# BioImagePy: experiment data processing

In this tutorial, we are going to batch process data in an `experiment`. **BioImagePy** comes with a module called `runner`. This module depends on the `experiment` module and the `process` module. Then it gives classes for both running queries data on an `experiment` and run process on selected data and register results to the experiment.

##### The experiment

In this tutorial, we will use the experiment created in the *tutorial1*. The experiment goal is explained in the *tutorial1*. As a reminder, we have two populations of images contained spots in noisy images. In this tutorial, we are going to segment and count the spots, and then run a statistical test to conclude if the two population have significantly different number of spots. 

## The Runner class

The **BioImagePy** runner module contains the main class `BiRunnerExperiment`. It's the only class we are going to use to process the data. Let's look the module documentation: 

In [None]:
import sys
sys.path.append("/Users/sprigent/Documents/code/bioimagepy") # change this path to the path where you install bioimagepy

import bioimagepy.runner as runnerpy

help(runnerpy)

## Open the experiment

Thus, we need to create an instance of the experiment to process, and to give it to the `BiRunnerExperiment` class, and setup the class with the process inputs & outputs.

In [None]:
import bioimagepy.experiment as experimentpy

# open the experiment
myexperiment = experimentpy.BiExperiment('./myexperiment/experiment.md.json')
print("experiment opened")


## Processing

In the following of this tutorial, we are going to process the data in 3 steps.
1. Image deconvolution on each image to ease the spot segmentation
2. Auto thresholding and particle analysis on the deconvolutes images
3. Statistical testing with the wilcoxon test to conclude if the two population have significantly different number of spots

The 3 proposed steps are just one possible way to analyse the data, to illustrate the use of BioImagePy. Many other processing workflow are possible to analyse this dataset, but it is not the purpose of this tutorial.

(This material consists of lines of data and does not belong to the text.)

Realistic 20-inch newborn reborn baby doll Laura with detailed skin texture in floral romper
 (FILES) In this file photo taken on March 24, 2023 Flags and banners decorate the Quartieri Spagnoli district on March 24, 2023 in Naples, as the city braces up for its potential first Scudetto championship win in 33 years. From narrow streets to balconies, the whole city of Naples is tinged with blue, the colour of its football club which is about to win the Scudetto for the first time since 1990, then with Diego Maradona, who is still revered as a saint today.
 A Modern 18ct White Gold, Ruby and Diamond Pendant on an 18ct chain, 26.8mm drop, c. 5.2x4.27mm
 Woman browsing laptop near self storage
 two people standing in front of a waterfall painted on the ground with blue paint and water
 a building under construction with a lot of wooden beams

### Step 1: image deconvolution

To make the spot segmentation easier to identify, we chose to preprocess the data with a deconvolution algorithm. The selected algorithm is the SVDeconv2D and it is available in **BioImagePy** using the `svdeconv2d.xml` wrapper. 

We thus instantiate a `BiRunnerExperiment`, we set the process to the `svdeconv2d.xml` process, add the input called *-i* to the dataset *data* with an empty query to select all the data in the *data* dataset

In [None]:
runner = runnerpy.BiRunnerExperiment(myexperiment) 
# change this path to where you installed svdeconv2d
runner.set_process('/Users/sprigent/Documents/code/serpico/svdeconv/build/bin/svdeconv2d.xml', '-sigma', '3', '-weighting', '0.1', '-regularization', '2') 
runner.add_input('-i', 'data', '')
runner.run()

Let visualize the obtained results:

In [None]:
from bioimagepy.metadata import BiRawData, BiProcessedData
import matplotlib.pyplot as plt
import matplotlib.image as mpimg

# get the first processed data
processed_data = myexperiment.processeddataset(0).processed_data(0)

# get the origin data
origin_data = BiRawData(processed_data.origin_data())

# plot the origin data
img=mpimg.imread(origin_data.url())
imgplot = plt.imshow(img)
plt.show()

# plot the processed data
img=mpimg.imread(processed_data.url())
imgplot = plt.imshow(img)
plt.show()

### Step 2: Image segmentation

In this step, we apply an automatique threshold and a particle analysis in each images in order to obtain the number of spots in each images.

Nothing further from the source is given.